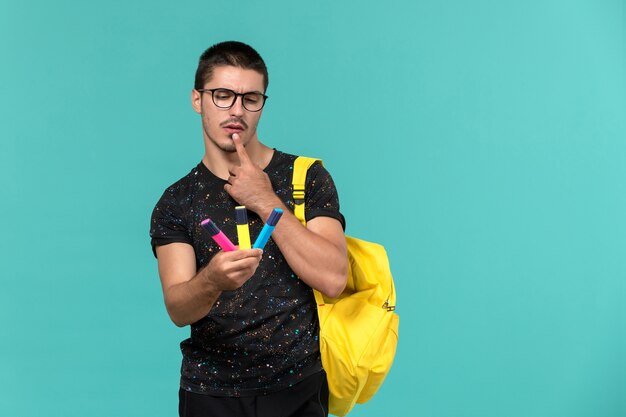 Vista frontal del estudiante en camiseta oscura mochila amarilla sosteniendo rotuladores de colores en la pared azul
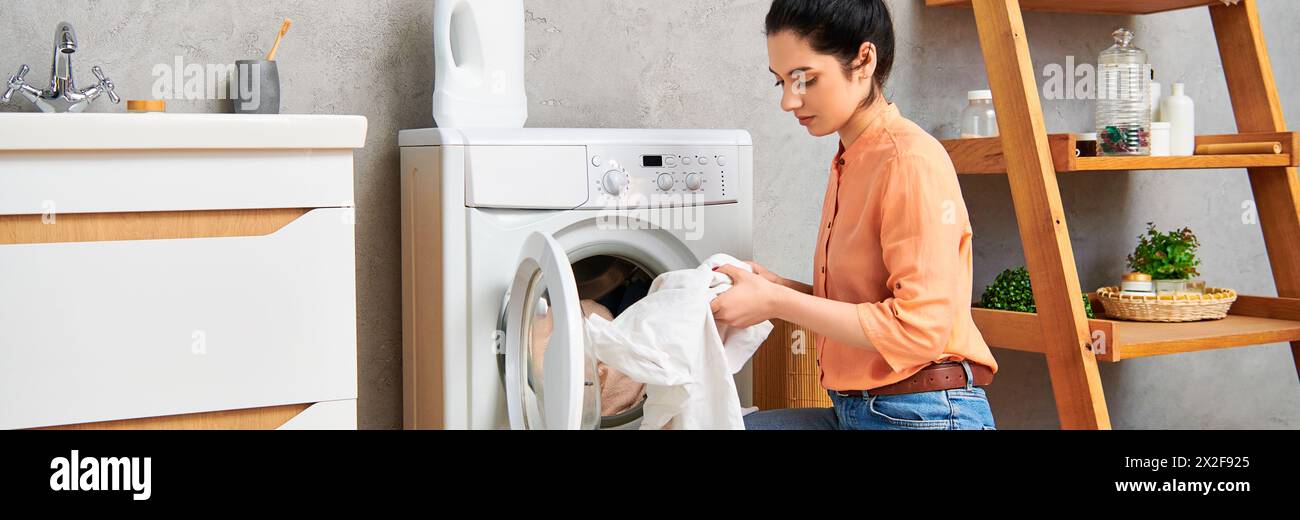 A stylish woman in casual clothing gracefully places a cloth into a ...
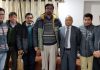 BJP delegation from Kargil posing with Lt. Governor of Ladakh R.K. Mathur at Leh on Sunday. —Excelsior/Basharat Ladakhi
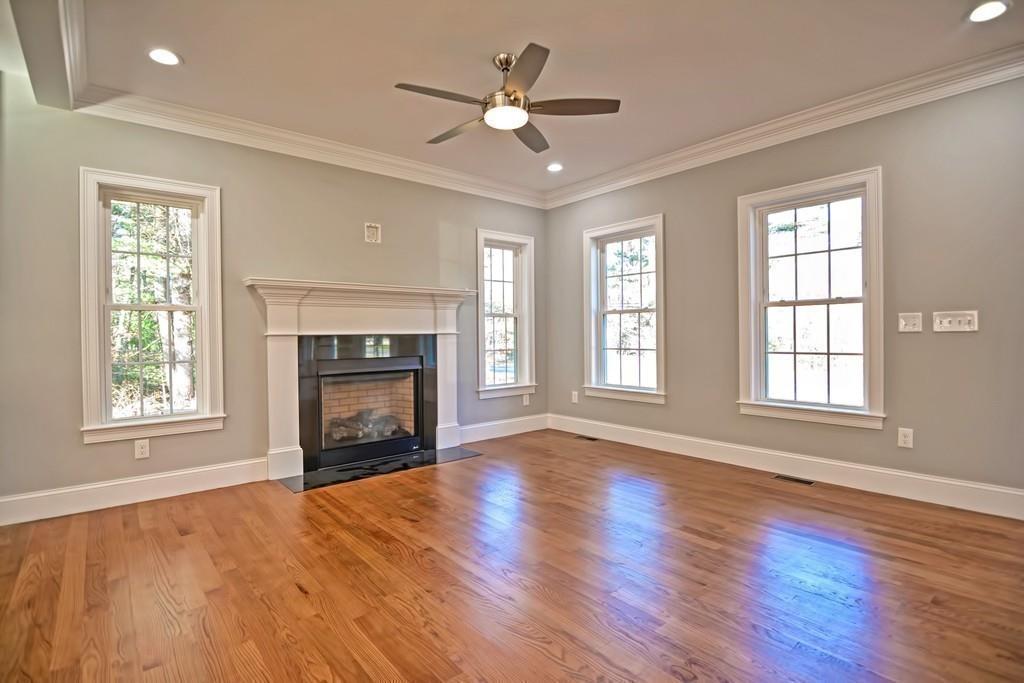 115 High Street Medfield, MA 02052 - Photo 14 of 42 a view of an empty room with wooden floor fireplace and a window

* [REQUIRED ACTION]
Beginning with the line that contains "A stylish woman", output each line of the material above through the last one exactly as it stands. Do not include the pictures.

* [RESPONSE AREA]
 A stylish woman in casual clothing gracefully places a cloth into a ...
 BJP delegation from Kargil posing with Lt. Governor of Ladakh R.K. Mathur at Leh on Sunday. —Excelsior/Basharat Ladakhi
 115 High Street Medfield, MA 02052 - Photo 14 of 42 a view of an empty room with wooden floor fireplace and a window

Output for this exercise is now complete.